* WORK ITEM
Could you set down only the lines from the one including "Heat Day Man" to the end of the records below, inclusive and exact, leaving pictures out?

BEGIN DATA

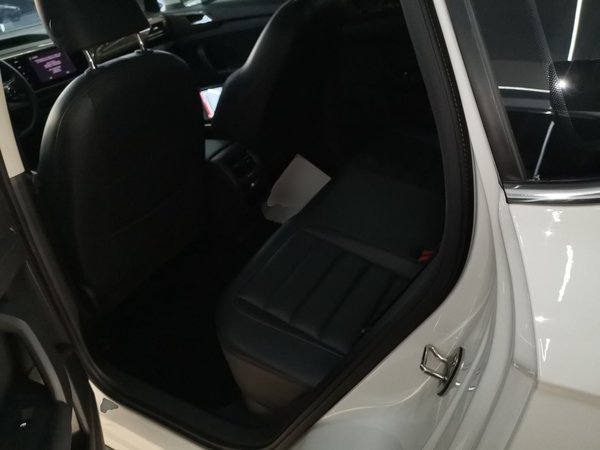 Volkswagen Tharu 2021, 45700 км, за 15577 USD - фото 22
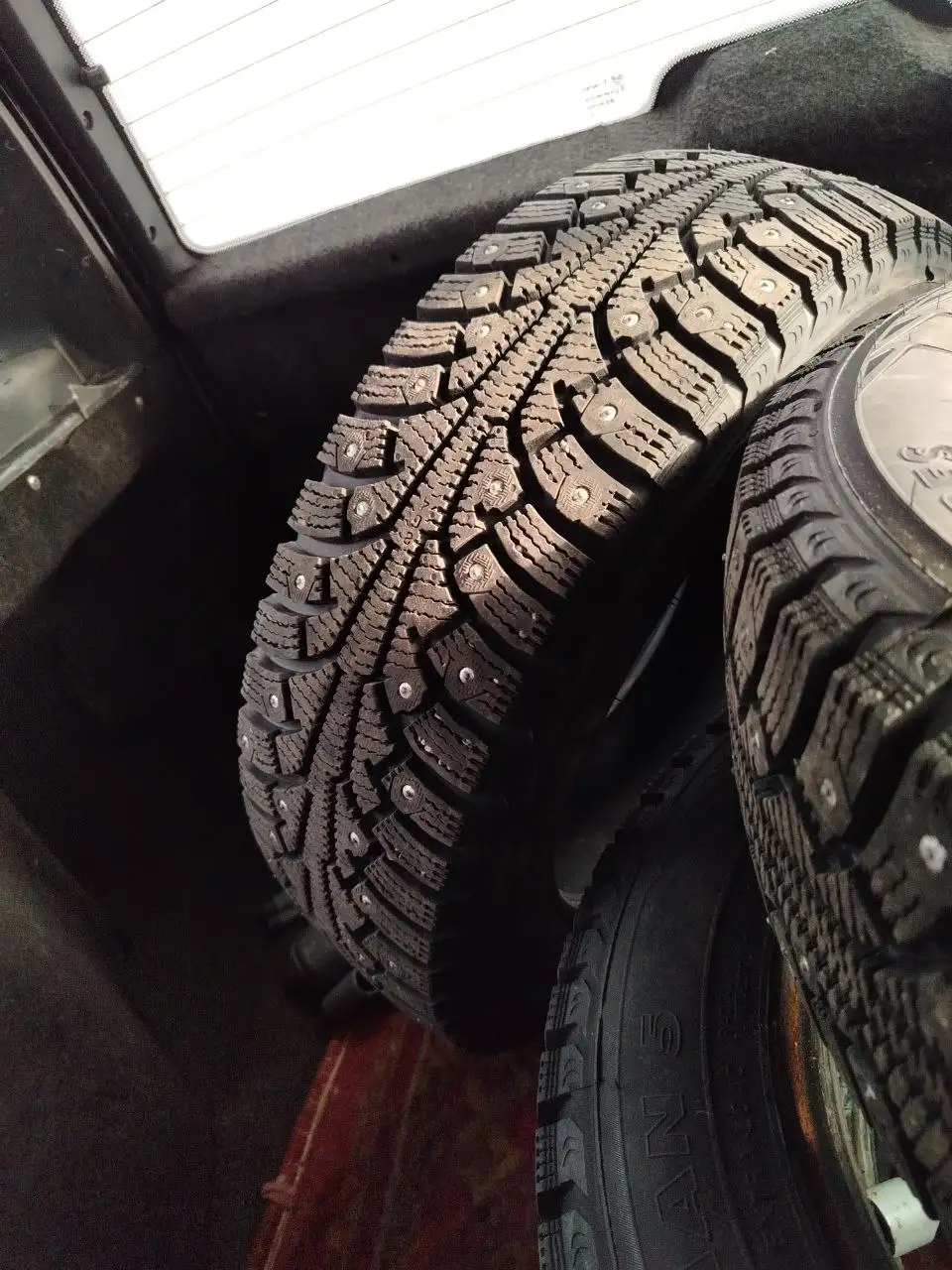 Продажа новых зимних шин IKON TYRES 175/65 - Шины и диски (Авто) в Киселёвск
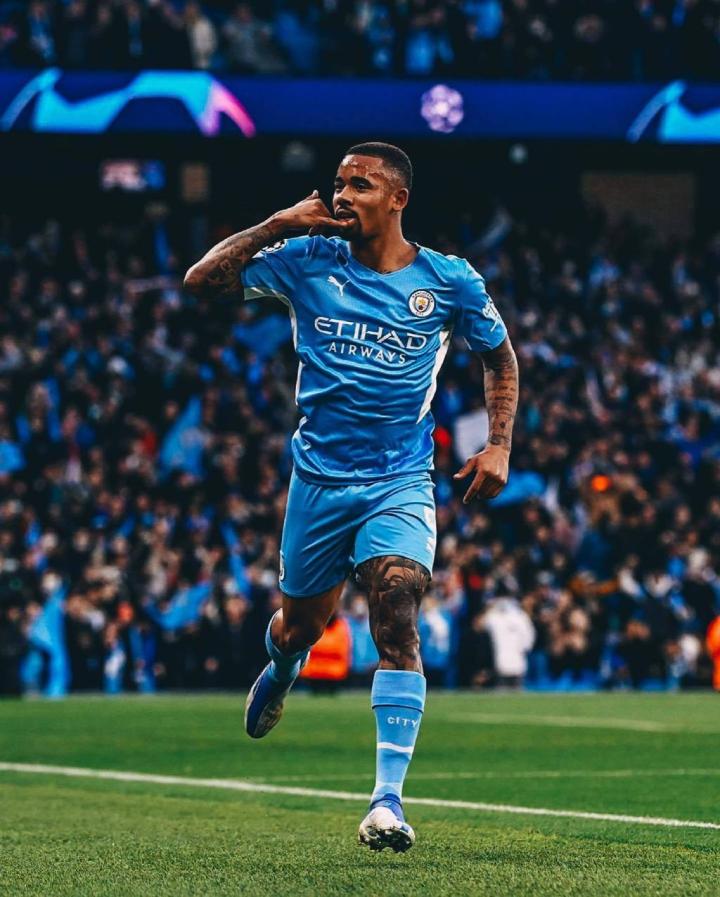 包含罗马主场逆转收官，主场取胜重要三分的词条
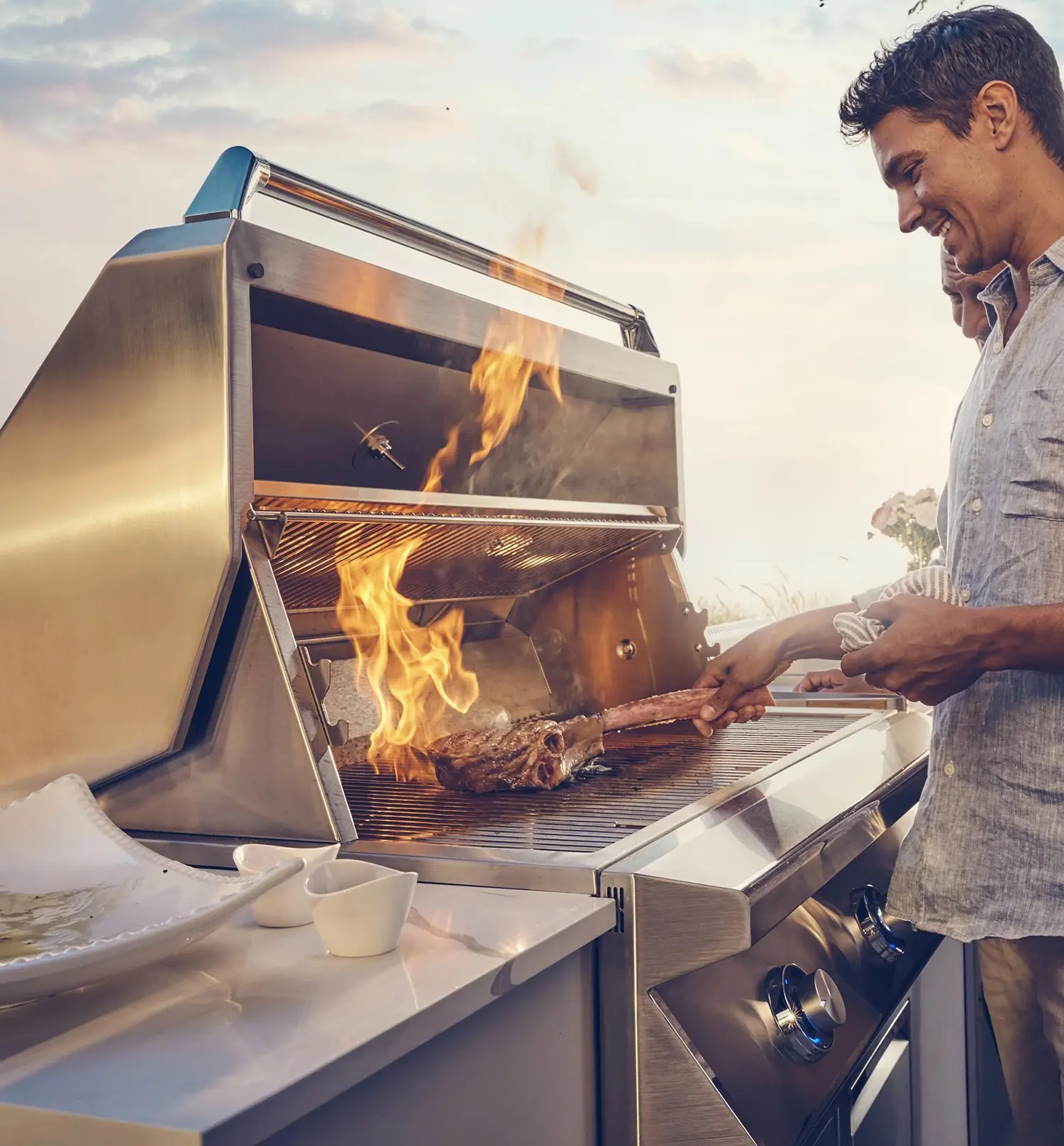 custom outdoor kitchen contractors built in grill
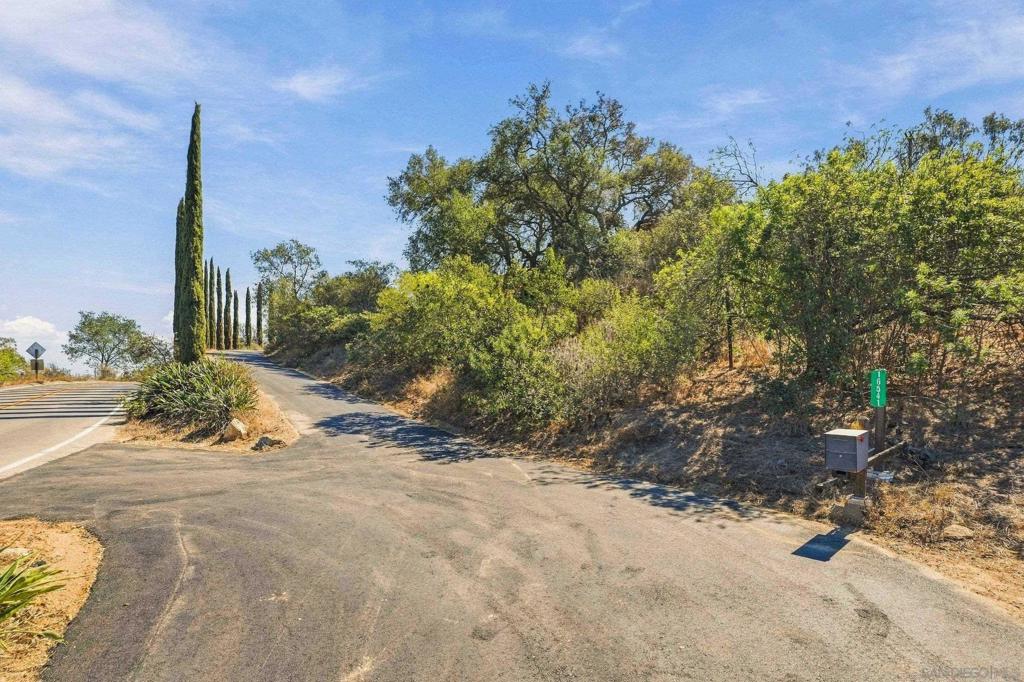 16541 Highland Valley Rd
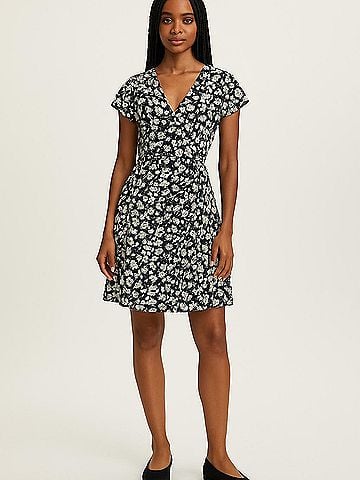 Papillon Casual Dress (view 2)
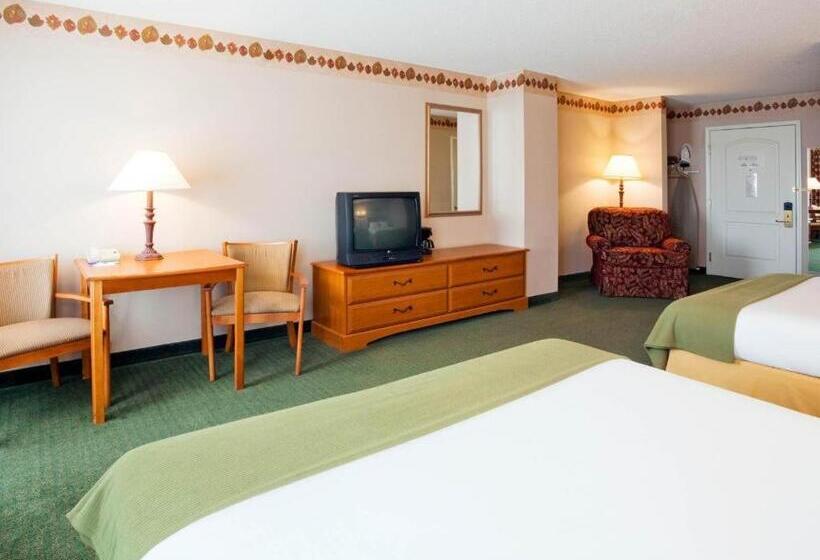 호텔 Holiday Inn Express & Suites Winner By Ihg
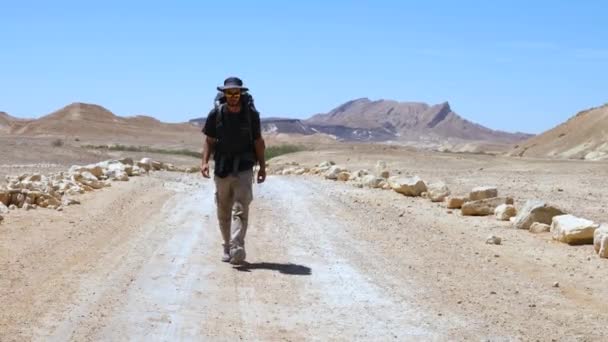 Heat Day Man Walks Dusty Dirt Road Barren Landscape — Vídeo de stock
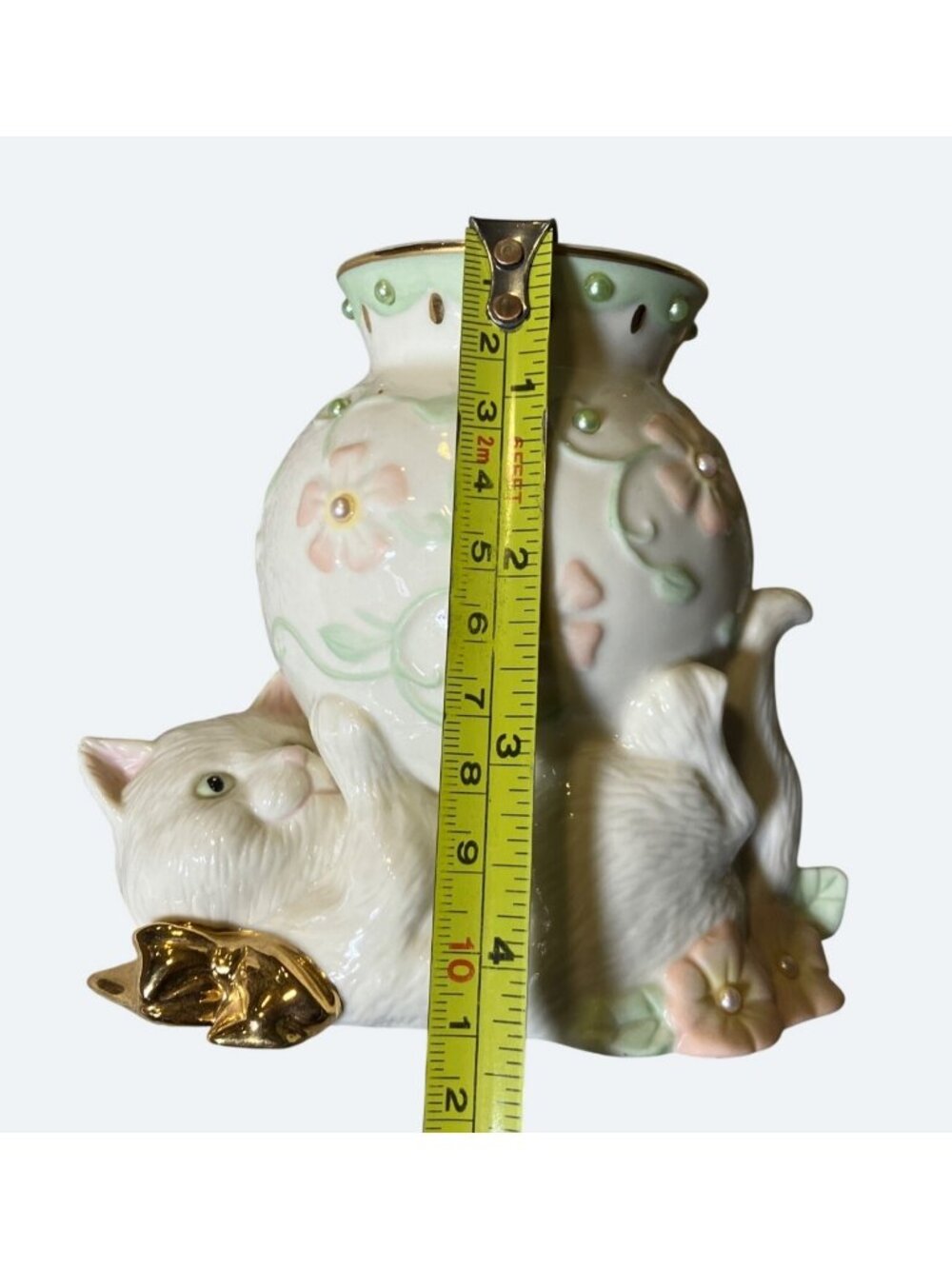 Lenox Petals & Pearls Cat Bud Vase With Floral and Gold Colored Accents - Picture 5 of 16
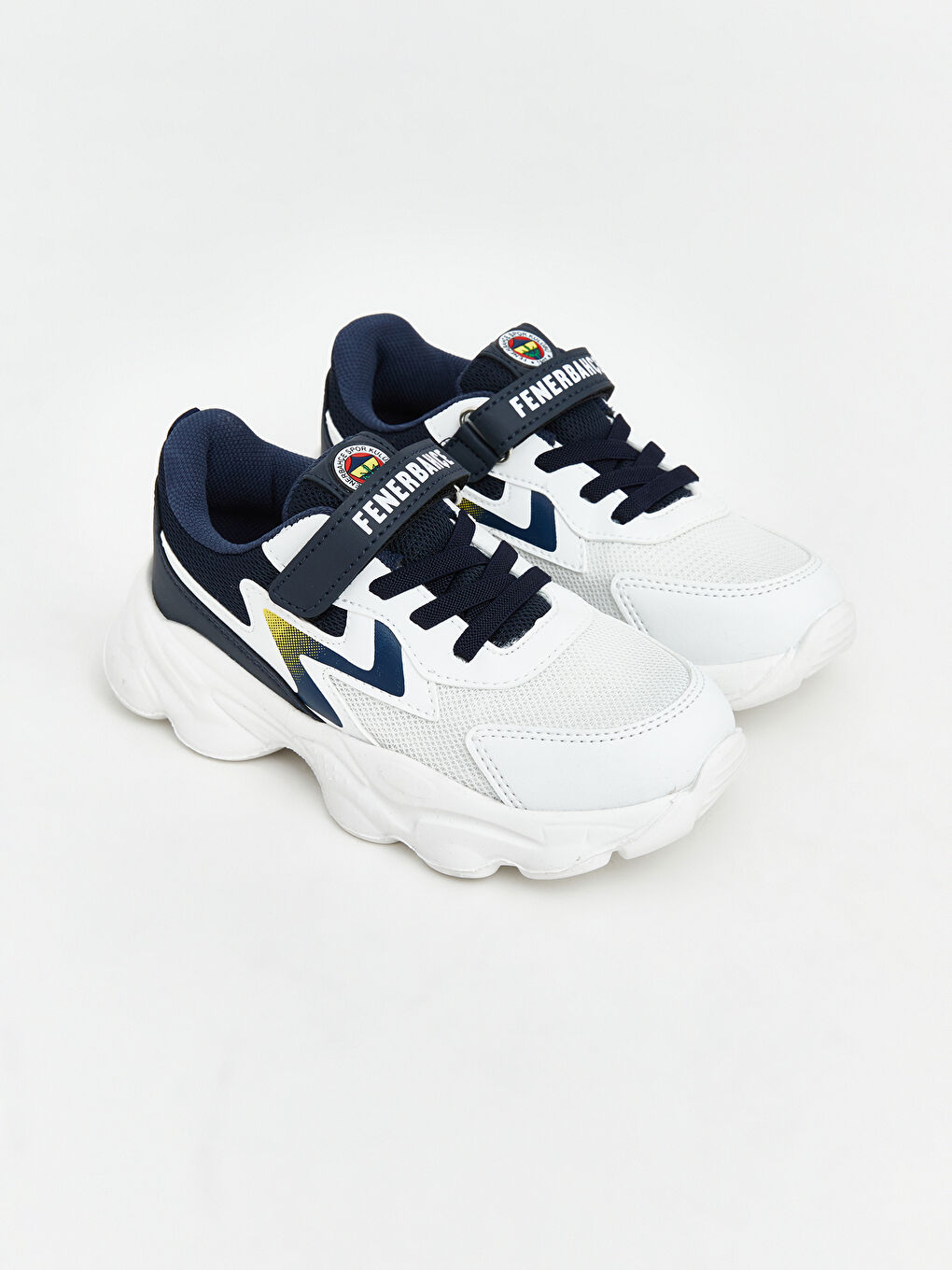 Beyaz Rahat Tabanlı Erkek Çocuk Spor Ayakkabı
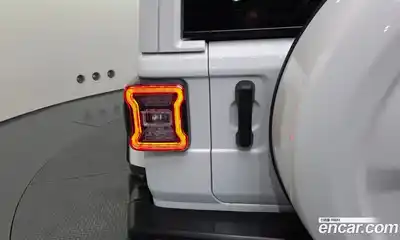 Jeep Wrangler 2022 2.0 автомат (гидро), миниатюра 9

END DATA

* SOLUTION
 Heat Day Man Walks Dusty Dirt Road Barren Landscape — Vídeo de stock
 Lenox Petals & Pearls Cat Bud Vase With Floral and Gold Colored Accents - Picture 5 of 16
 Beyaz Rahat Tabanlı Erkek Çocuk Spor Ayakkabı
 Jeep Wrangler 2022 2.0 автомат (гидро), миниатюра 9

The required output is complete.